Table 1 Summary of the de novo assembly of transcriptome and genome and SSR loci calling
Fig. 1
figure 1

The distribution of the assembled contigs in different sizes. Chart A and B has showed the size distribution of the assemble EST and genomic contigs respectively. The line in blue indicated the appearance frequencies of the contigs in different size, and the red line showed the corresponding ratio in total length

SSR development, primer design and preliminary selection

SSR loci were called using the MISA program from the assembled transcriptomic and genomic contigs. The parameters were designed for identifying perfect di-, tri-, tetra-, penta-, and hexanucleotide motifs with a minimum of 8, 5, 4, 4, and 3 repeats, respectively. As showed in Table 1, among the de novo assembled contigs, 19,674 cDNA contigs out of 186,778 (10.5 %), and 89,983 genomic contigs out of 8,130,350 (1.1 %) contained at least one SSR locus. On average, there was one SSR locus in every 11.1 kb cDNA and 16.8 kb genomic DNA, respectively. Eventually, a total of 22,734 EST derived SSR loci and 97,170 genomic SSRs loci were detected. A total of 274 EST-SSR motifs and 455 genomic SSR motifs were identified. Of the EST-SSR motifs, there were 3 di-, 10 tri-, 24 tetra-, 38 penta and 199 hexa-nuleotide; and of the genomic SSR motifs, there were 3 di-, 10 tri-, 31 tetra-, 89 penta and 322 hexa-nuleotide. The Fig. 2 demonstrated the statistics in the SSR loci detected. Of the EST-SSR loci, trinucleotides accounted for 60 % and thus ranked the most abundant, followed by dinucleotides (21 %), hexanucleotides (11 %), tetranucleotides (5 %), and pentanucleotides (2 %) (Fig. 2).

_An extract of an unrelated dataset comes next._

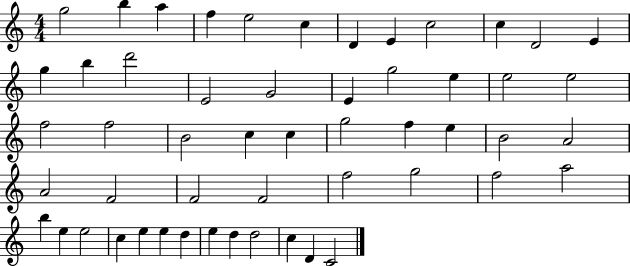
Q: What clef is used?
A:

While for the detected genomic-SSR loci, 50 % were dinucleotide motifs, followed by 26 % trinucleotides, 14 % hexanucleotides, 7 % tetranucleotides and 3 % pentanucleotide (Fig. 2). The top ten most abundant nucleotide repeat types in the newly detected SSRs were presented in Fig. 3, with the most common EST-SSR motif being AAG/CTT and the most abundant genomic-SSR motif being AG/CT.

Fig. 2
figure 2

SSRs Statistics. The frequency distribution of the SSR motif was showed in the chart. The nucleotide repeat motif varied from di-nucleotide to hexa-nucleotide as showed by the X axis. The tri- and di-nucleotide were the most prevail in the EST and genomic SSR respectively

Fig. 3
figure 3

Distribution of top-10 motifs in EST-SSRs (a) and genomic SSRs (b). The most common EST-SSRs were trinucleotide motif AAG/CTT, whereas the predominant genomic SSRs were dinucleotide motif AG/CT. The X-axis represents the motif sequence, and the Y-axis represents the number of detected SSRs

Primer pairs with melting temperatures (Tm) within the range of 55 °C to 61 °C and with amplicons within a size range of 150 bp to 400 bp were designed from the flanking sequences of the SSR loci by using the Primer 3 program. Primers were then validated by in silico PCR against the crambe genome contigs per se. Those primer sets amplifying multiple target regions were discarded to ensure the specific locations of the primers. Finally, a total of 3,803 pairs of EST-SSR primers (Additional file 1) and 78,720 genomic-SSR primer pairs (Additional file 2) were obtained and the ratio between EST- and genomic-SSR primer pairs was around 1:20.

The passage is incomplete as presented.